◆ **Task to carry out**
In the entries below, find every line with "Image" and copy it.

◆ **The records**
↓
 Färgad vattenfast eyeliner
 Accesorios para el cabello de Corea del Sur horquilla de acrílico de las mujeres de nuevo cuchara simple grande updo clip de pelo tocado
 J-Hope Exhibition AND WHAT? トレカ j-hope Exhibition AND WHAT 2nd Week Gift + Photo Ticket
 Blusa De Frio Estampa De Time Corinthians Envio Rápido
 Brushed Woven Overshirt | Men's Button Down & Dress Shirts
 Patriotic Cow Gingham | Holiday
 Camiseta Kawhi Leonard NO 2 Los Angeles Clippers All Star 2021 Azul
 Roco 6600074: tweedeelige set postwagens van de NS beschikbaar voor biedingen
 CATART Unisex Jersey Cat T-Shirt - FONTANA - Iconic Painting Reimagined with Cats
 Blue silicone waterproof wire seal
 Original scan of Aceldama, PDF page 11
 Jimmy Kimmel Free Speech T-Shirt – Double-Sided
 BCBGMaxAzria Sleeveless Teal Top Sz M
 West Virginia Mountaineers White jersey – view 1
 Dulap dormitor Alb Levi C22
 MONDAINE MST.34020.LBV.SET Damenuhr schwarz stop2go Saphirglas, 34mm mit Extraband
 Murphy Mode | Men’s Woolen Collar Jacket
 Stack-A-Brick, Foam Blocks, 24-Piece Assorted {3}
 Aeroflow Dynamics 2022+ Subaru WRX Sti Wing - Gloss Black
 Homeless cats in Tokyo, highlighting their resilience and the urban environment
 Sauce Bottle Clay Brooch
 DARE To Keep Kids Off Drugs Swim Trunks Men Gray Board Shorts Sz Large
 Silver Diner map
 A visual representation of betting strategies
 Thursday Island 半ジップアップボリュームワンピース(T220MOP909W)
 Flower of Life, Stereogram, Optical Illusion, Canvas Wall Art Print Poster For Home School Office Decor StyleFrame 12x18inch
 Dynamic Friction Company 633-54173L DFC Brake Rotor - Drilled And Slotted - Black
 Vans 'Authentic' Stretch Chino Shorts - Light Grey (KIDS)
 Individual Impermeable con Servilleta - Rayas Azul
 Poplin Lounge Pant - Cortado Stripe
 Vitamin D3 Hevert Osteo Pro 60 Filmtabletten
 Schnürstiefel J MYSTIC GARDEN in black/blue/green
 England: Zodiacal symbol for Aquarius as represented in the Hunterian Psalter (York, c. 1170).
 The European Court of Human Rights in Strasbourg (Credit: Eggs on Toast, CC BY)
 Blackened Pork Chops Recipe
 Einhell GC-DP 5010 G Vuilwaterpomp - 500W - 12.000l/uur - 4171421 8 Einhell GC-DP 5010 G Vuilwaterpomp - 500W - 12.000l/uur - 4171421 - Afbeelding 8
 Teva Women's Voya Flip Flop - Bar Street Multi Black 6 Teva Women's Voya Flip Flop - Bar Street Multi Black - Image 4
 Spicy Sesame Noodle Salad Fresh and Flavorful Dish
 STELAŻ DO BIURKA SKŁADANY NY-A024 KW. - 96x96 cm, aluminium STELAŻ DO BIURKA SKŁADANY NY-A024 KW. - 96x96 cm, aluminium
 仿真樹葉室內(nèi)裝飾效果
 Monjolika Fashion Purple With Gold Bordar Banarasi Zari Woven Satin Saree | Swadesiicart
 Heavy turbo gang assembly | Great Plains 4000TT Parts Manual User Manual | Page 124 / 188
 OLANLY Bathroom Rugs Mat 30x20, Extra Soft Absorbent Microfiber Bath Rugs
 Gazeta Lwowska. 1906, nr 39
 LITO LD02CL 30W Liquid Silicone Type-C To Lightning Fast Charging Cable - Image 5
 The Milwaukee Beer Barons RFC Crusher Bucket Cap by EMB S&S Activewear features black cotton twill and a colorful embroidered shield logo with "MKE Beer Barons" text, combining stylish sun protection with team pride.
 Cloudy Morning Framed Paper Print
↑
◆ **Answer below**
 Teva Women's Voya Flip Flop - Bar Street Multi Black 6 Teva Women's Voya Flip Flop - Bar Street Multi Black - Image 4
 LITO LD02CL 30W Liquid Silicone Type-C To Lightning Fast Charging Cable - Image 5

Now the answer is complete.